Realist

I am fed up of being all positive and hopeful and happy. You know what? I am dark, twisted and a masochist. I have never seen anything white in my life. My eyes have always spotted the specks of colouring even on a spotless whit cloth. I don’t what anything to be sunshine and happy or even rainy and romantic. I want dark and restless and thunderous and cyclonic. I am fed up of looking for the silver lining on every dark cloud. I know it’s not a silver lining but the lightening which echoes the promise of further despair. I am not a cynic but a realist. Life can be all dreamy and cloudy for a few seconds, minutes, hours or days or months. But it all comes to an end. Everything does. One day reality just shows up as the unwanted and unexpected guest and resides in your house without any shame.
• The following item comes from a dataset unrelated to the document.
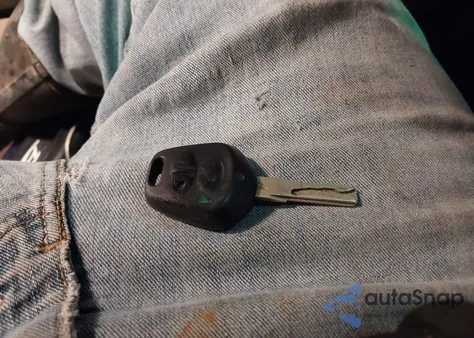 2002 Porsche Boxster S z USA, uszkodzony, nr VIN WP0CB29892U663154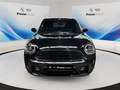 MINI Cooper D Countryman Cooper D RFK SPORTSITZE LED SHZ TEMPOMAT Schwarz - thumbnail 2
It can make you feel like an outsider in your own home.

Why do people still believe in that life can be better and will be better? It’s like believing the spoon-fed notion of Santa Claus as a happy-and-generous figure. I would like to believe otherwise, that is Santa Claus as a pervert-and-twisted figure who lures into houses and bedrooms at night to do God-knows-what.

So, I would like to officially put an end to my days of misery when I truly believed that something good will happen in my life. I can’t take the pressure anymore. This life is easier and more real than the one I led. If I continue to live the previous kind of life then I am much more of a loser than I ever thought myself to be.